To this, I think absolutely but of course it varies under certain cases and differentiates between individuals. Some individuals may have more self control and can refrain from gorging on fatty foods and others less and this could be due to numerous factors such as perhaps being brought up to see fatty foods as a rewards system, being conditioned at a young age, being rewarded with candy or maccas for finishing your homework hence, the act of this is ingrained into your psyche. Also, it could be purely because of ignorance, not knowing what foods are good for us. There could also be psychological factors involved.

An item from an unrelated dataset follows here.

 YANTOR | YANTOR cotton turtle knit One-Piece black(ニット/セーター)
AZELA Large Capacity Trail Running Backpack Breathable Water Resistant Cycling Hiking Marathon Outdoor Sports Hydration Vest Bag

Well, I don’t think it’s such a terribly far-fetched idea to see addiction to fatty foods in the same league as drug addiction. The nutritionist made a great comment about how it may seem innocuous to walk down the road and grab a burger however the effects on your health can be severe and long term. Since eating is such a habitual act, we can be blind and not see addiction to fatty foods as serious.

This segment really made me think back to the article I read in one of my neuroscience magazines, “The Puzzle of Pleasure” by Gary Marcus. “The human mind, a quirky yet magnificent product of the entirely blind process of evolution.” I’m going to add a statement made by a prominent evolutionary psychologist Randolph Nesse,

"Our brains could have been wired so that [eating] good food, [having] sex, being the object of admiration, and observing the success of one’s children were all aversive experiences, [but] any ancestor whose brain was so wired would probably not have contributed much to the gene pool that makes human nature what it is now. Pleasure is our guide and without it, the species wouldn’t propagate."

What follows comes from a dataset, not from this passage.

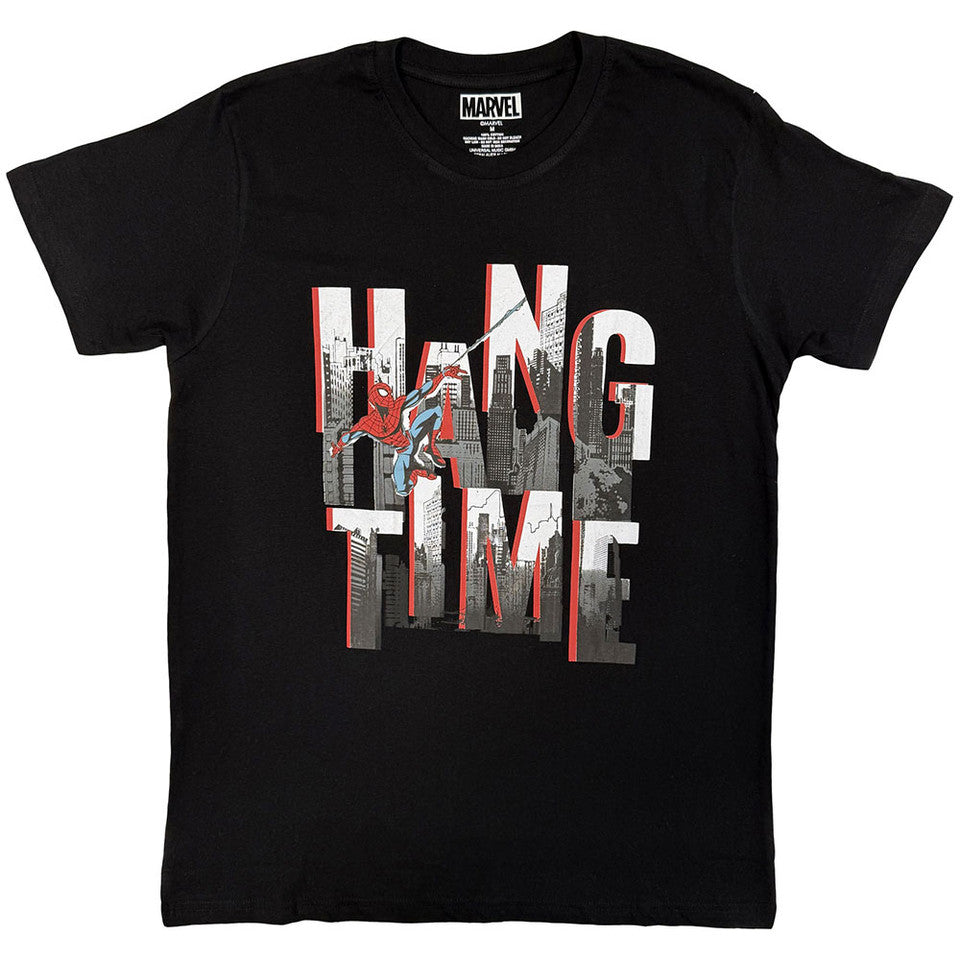 Marvel Comics Hang Time Spider-Man Black T-Shirt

Marcus makes a valid point, “only few species seem to spend much time having nonprocreative sex, and none watch television, go to rock concerts, or play organized sports. Which raises the question is pleasure really an ideal adaptation, or – with apologies to Shakespeare – is there something klugey in the state of Denmark?” We have pleasure centers that consist of mechanisms that are tuned to promote the survival of the species however, we also have crude mechanisms that are easily outwitted, we lack the wisdom to consistently outwit our animalistic parts.

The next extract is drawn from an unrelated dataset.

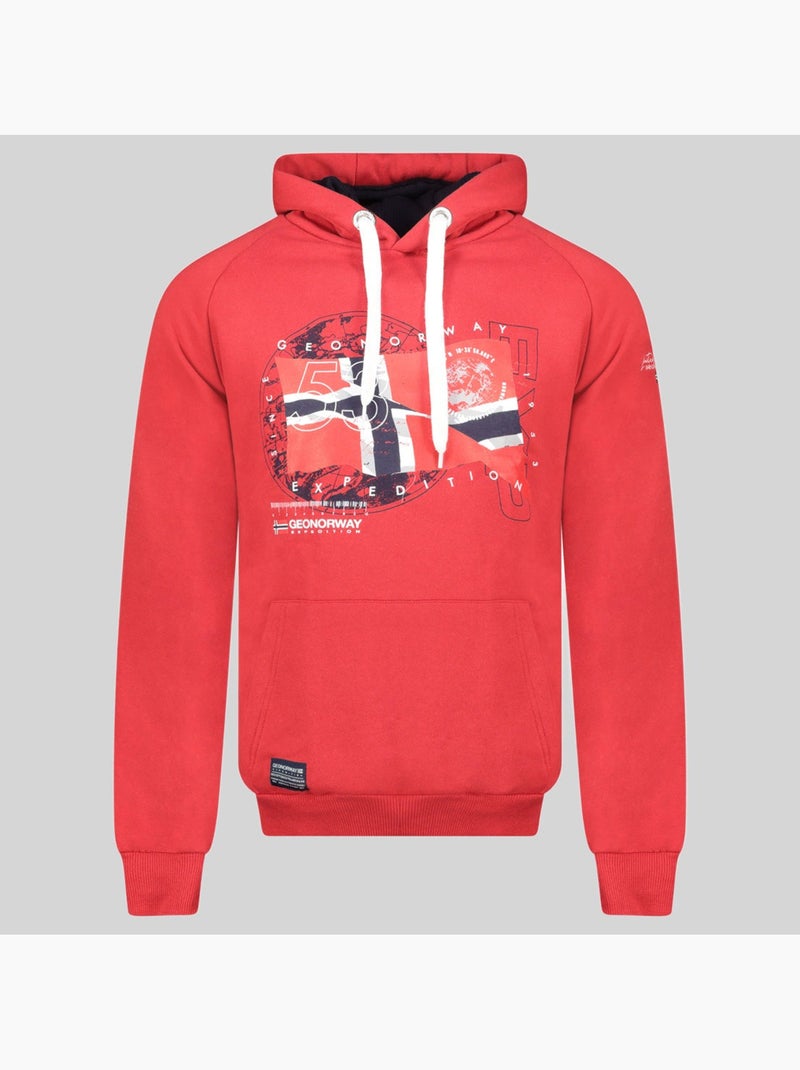Sweat à capuche gdrap – geographical norway Rouge - Kiabi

Awhile back I was listening to the scientist Joseph Dispenza (author of “Evolving your brain and The Science of Creating Personal Reality.”) Dispenza talks about rewiring the brain and to be aware intellectually that we don’t have to make the same choices, those biological tendencies, biological responses concerned with the preservation of the body. It’s almost like we need to break the habit of being human, to gain control and override the physiology. Every moment we are overriding those physiological responses, we are changing brain chemistry, breaking the addiction to the stimulus and response that so many people live by everyday. Response back to Nesse’s statement above, perhaps if we can do this we can make a more progressive evolutionary contribution to the gene pool.